▶

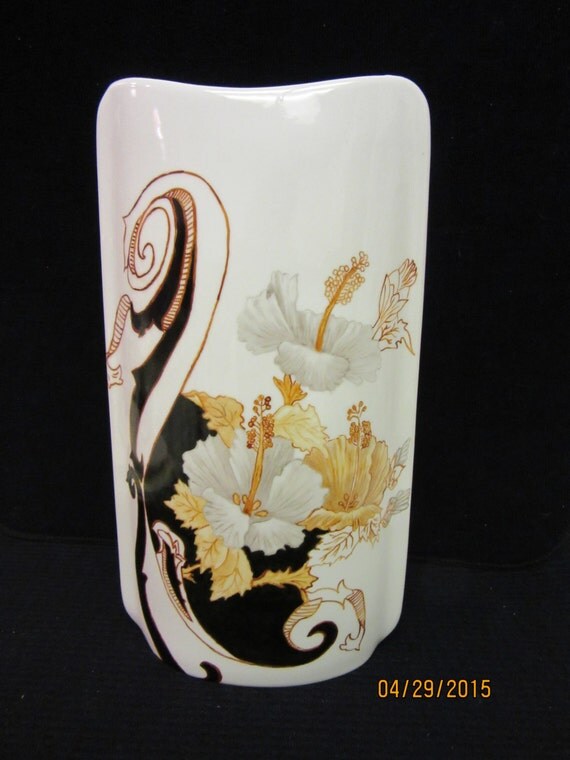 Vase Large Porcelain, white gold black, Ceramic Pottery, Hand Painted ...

◀
▶

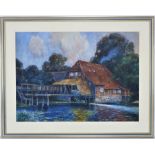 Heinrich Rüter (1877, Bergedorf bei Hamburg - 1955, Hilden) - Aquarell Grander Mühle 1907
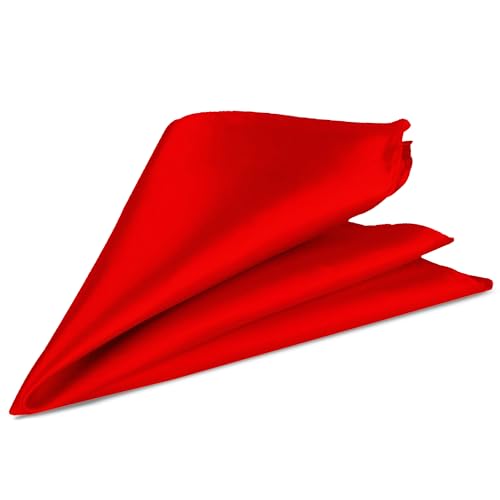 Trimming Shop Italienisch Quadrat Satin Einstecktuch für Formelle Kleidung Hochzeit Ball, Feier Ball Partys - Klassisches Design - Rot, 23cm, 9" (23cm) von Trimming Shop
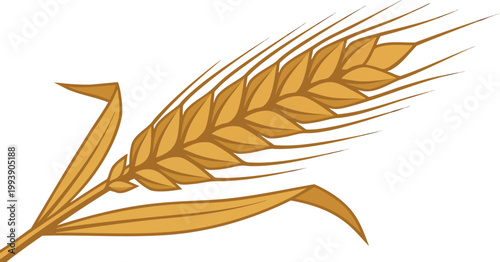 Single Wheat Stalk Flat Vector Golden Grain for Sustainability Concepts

◀

## WHAT YOU WILL DO
Above are the records; copy exactly the lines from the one with "Heinrich Rüter (1877, Bergedorf" through the one with "Single Wheat Stalk", including both, and nothing more. Leave out pictures.

## REPLY
 Heinrich Rüter (1877, Bergedorf bei Hamburg - 1955, Hilden) - Aquarell Grander Mühle 1907
 Trimming Shop Italienisch Quadrat Satin Einstecktuch für Formelle Kleidung Hochzeit Ball, Feier Ball Partys - Klassisches Design - Rot, 23cm, 9" (23cm) von Trimming Shop
 Single Wheat Stalk Flat Vector Golden Grain for Sustainability Concepts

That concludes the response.